The Trump administration announced in April that it was designating the Revolutionary Guard a foreign terrorist organization, which is the first time the United States had used that designation on part of another country’s government.

Since then, there have been several tense incidents involving the United States and Iran, including one in June, when Iran shot down a U.S. surveillance drone that the Revolutionary Guard said had entered Iranian airspace. U.S. Central Command said the aircraft was in international airspace.

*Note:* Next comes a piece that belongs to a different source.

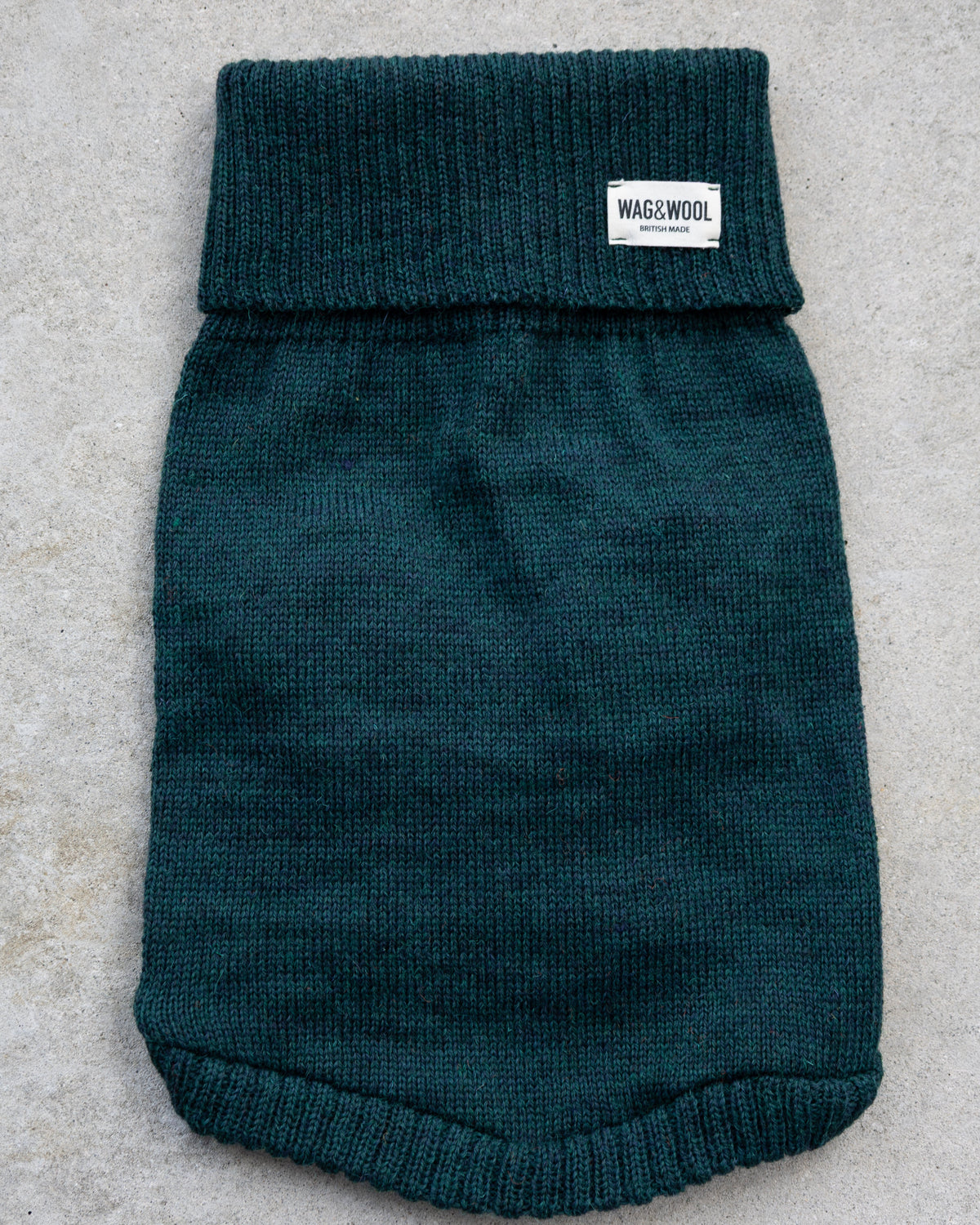 A dark green ribbed knit pet sweater or bootie with a white 'NAG&WOOL' brand label on the cuff, laid flat on a light gray textured surface.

The Trump administration also blamed Iran for an attack in September on oil sites in Saudi Arabia, which prompted the United States to deploy military forces to the Middle East that Esper said at the time would be defensive in nature.

Al-Muhandis, the militia official who was killed Thursday, had been accused of plotting attacks on the United States since the 1980s. He was convicted in absentia and sentenced to death by Kuwait for his role in the 1983 attacks on the U.S. and French embassies in Kuwait, in which five Kuwaitis were killed.

The Treasury Department cited al-Muhandis’ role in the embassy attack in naming him a Specially Designated National, part of a list of terrorists subject to U.S. sanctions. That designation also said he took part in an assassination attempt on the emir of Kuwait in the early 1980s.